The balancing act of inflation and deflation

Overall inflation (the combined finished goods and service inflation) in the United States’ economy has been below the 2 percent target since 2008. Attempts to inflate prices through rounds of quantitative easing to avoid falling in the deflationary trap have not produced the desired results. While service inflation just started to tick up since 2008, the goods inflation has followed a bell-shaped trajectory.

If an economy falls into a deflationary trap, it will be difficult to climb out of it. Japan has spent two decades in a deflationary trap. New technologies, robots, high unemployment, low wages and a glut of commodities, particularly oil, have worked together to keep inflation below target in the U.S. and other countries.

Last month’s jobs report shows that the unemployment rate has reached 5 percent, which is the lowest rate in six years and is very close to the Fed’s estimates of the 4.8 percent full employment unemployment rate. Moreover, the wage rate increased by 2.5 percent in that month, which is greater than the 2 percent that has prevailed since the Great Recession.

Labor is a service and a factor of production. Thus, it is an important ingredient in producing many services such as information, transportation, insurance, healthcare, telecommunications, banking, real estate, legal services, advertising, employment services, waste collection, computer training, etc.

The service sector is more than 70 percent of the U.S. economy, and correspondingly the service inflation is about two thirds of the overall U.S. inflation. The service inflation has recently been rising and the U.S. Bureau of Labor Statistics considers it the best gauge of inflation. This inflation is expected to spill over to the goods inflation and also increase inflation expectations which have been anchored since the 2008 global financial crisis.

This assertion of rising service inflation and ensuing possible increases in inflation expectations have many implications for the U.S. economy, ranging from changes in interest rates (including mortgage rates) to consumer prices to exchange rates. Expected inflation increases interest rates, which in turn affect financial spreads around the world, and also impacts exchange rate differentials, which all affect general consumer prices.

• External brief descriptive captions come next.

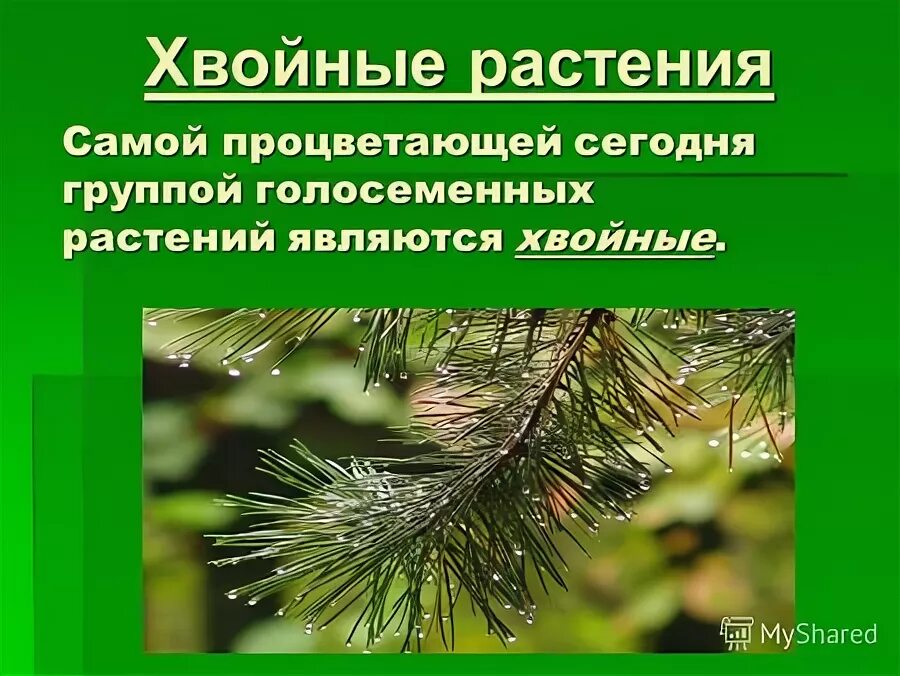 Сосна сибирская отдел голосеменные. Сосна ель лиственница шишки. Биология 5 класс голосеменные растения ель обыкновенная. Класс хвойные. Класс хвойных деревьев.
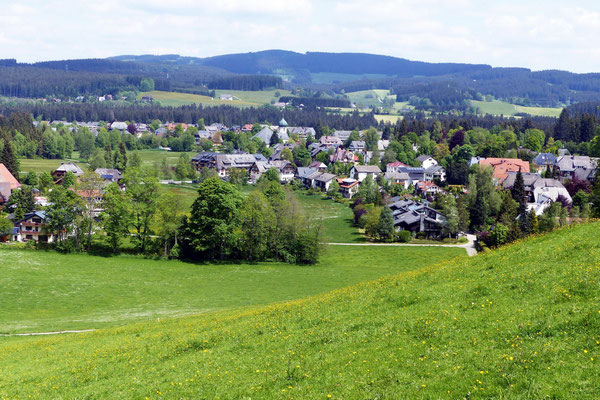 Hinterzarten - Vom Kesslerhang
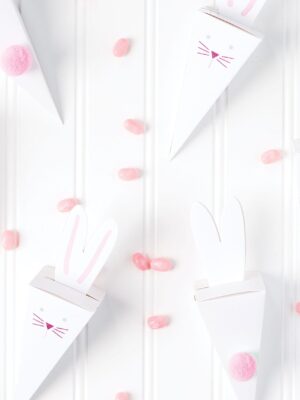Easter Bunny Treat Boxes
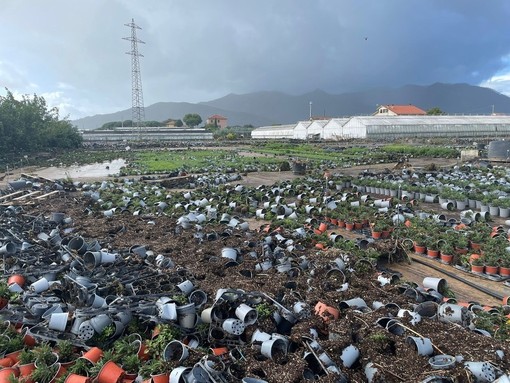 Maltempo ad Albenga: la conta dei danni continua ad aumentare, nuove aziende agricole segnalano perdite nella propria produzione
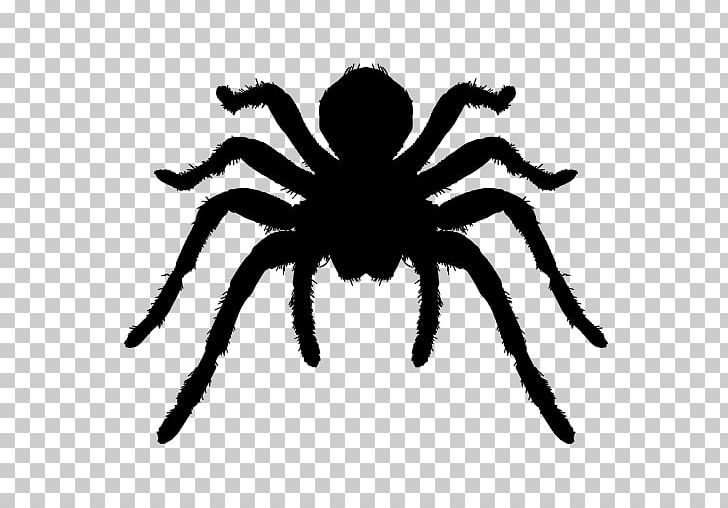 Spider Brazilian Whiteknee Tarantula Arthropod Icon PNG, Clipart, Animal, Arachnid, Black, City Silhouette, Encapsulated Postscript Free PNG Download
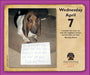 Dog Shaming 2027 Page-A-Day Calendar
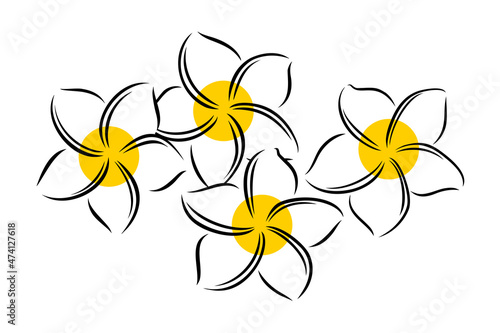 Frangipani or plumeria exotic summer flower. Engraved frangipani isolated in white background. Outline vector illustration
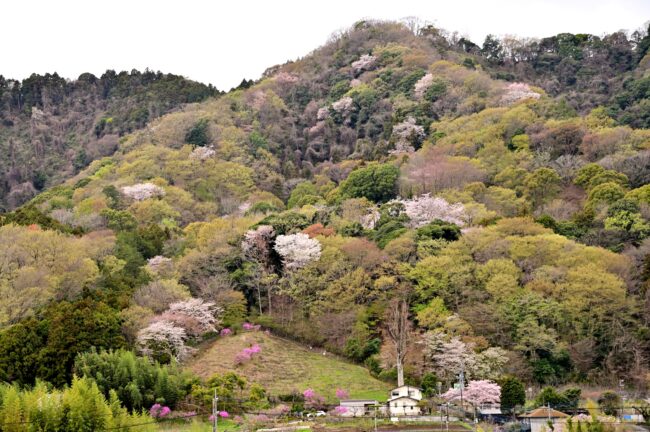 飯山白山森林公園のサクラの写真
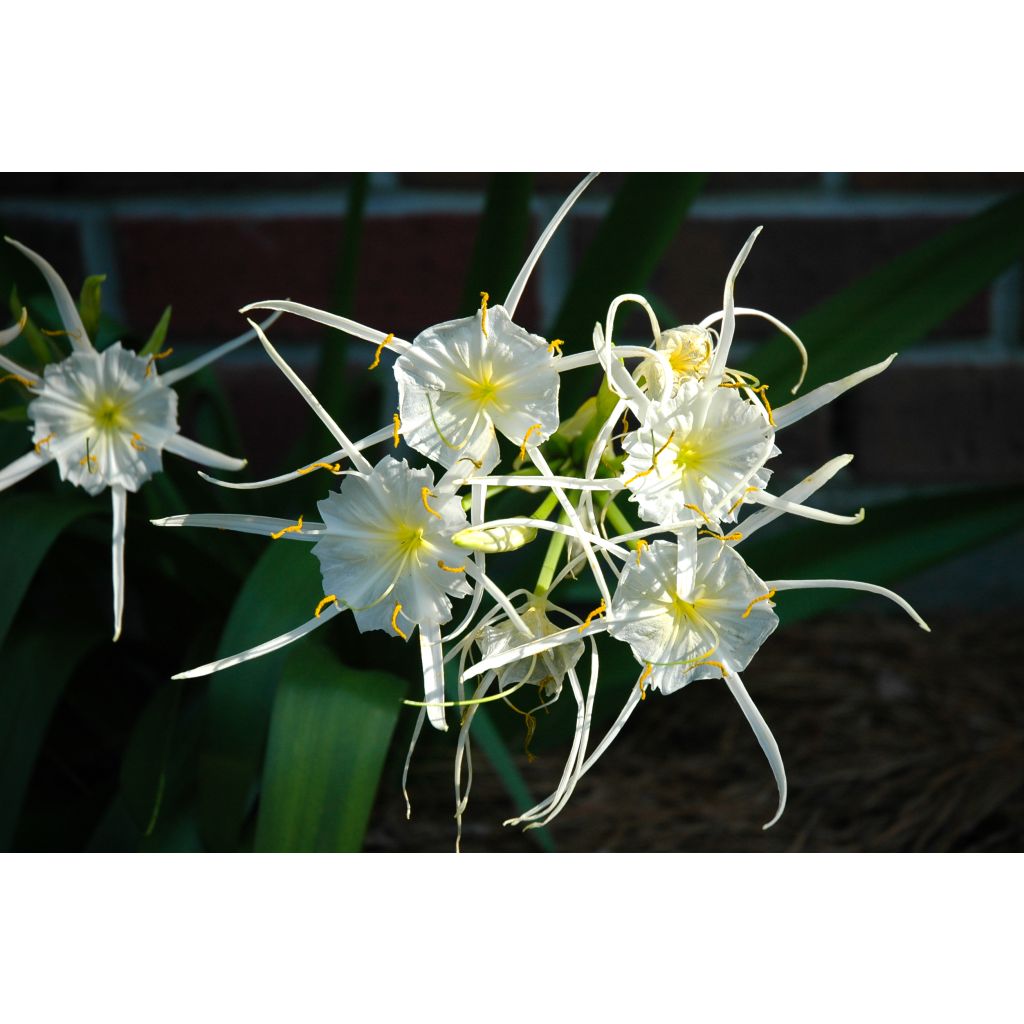 Hymenocallis festalis Branca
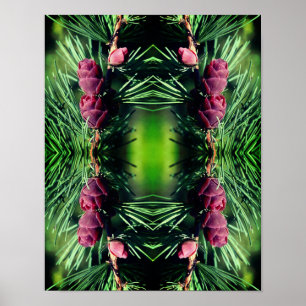 Miniature Pinecones Close Up Abstract Poster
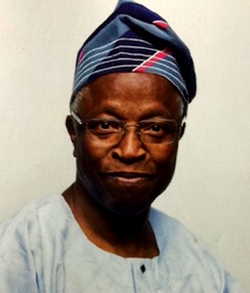 In Defence of Elite Educational Institutions by Ladipo Adamolekun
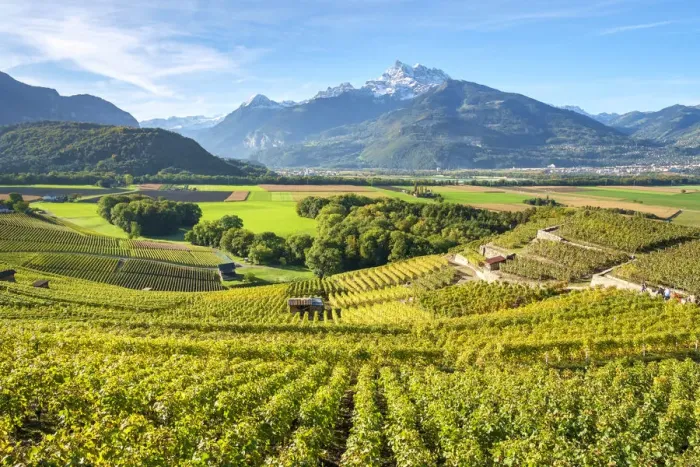 Framed Print : View vineyards and fertile Rhone near Ollon, Vaud Canton, Switzerland Framed Print : View vineyards and fertile Rhone near Ollon, Vaud Canton, Switzerland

Research should be done on understanding the time lag it takes for service inflation to manifest itself in the overall inflation. The longer the lag is, the better the adjustment of the economy to a stable inflation environment will be. It is known that present inflation feeds on past inflation through changes in inflation expectations and it could get out of hand.

At this time, we should pay more attention to service inflation than to the consumer price index.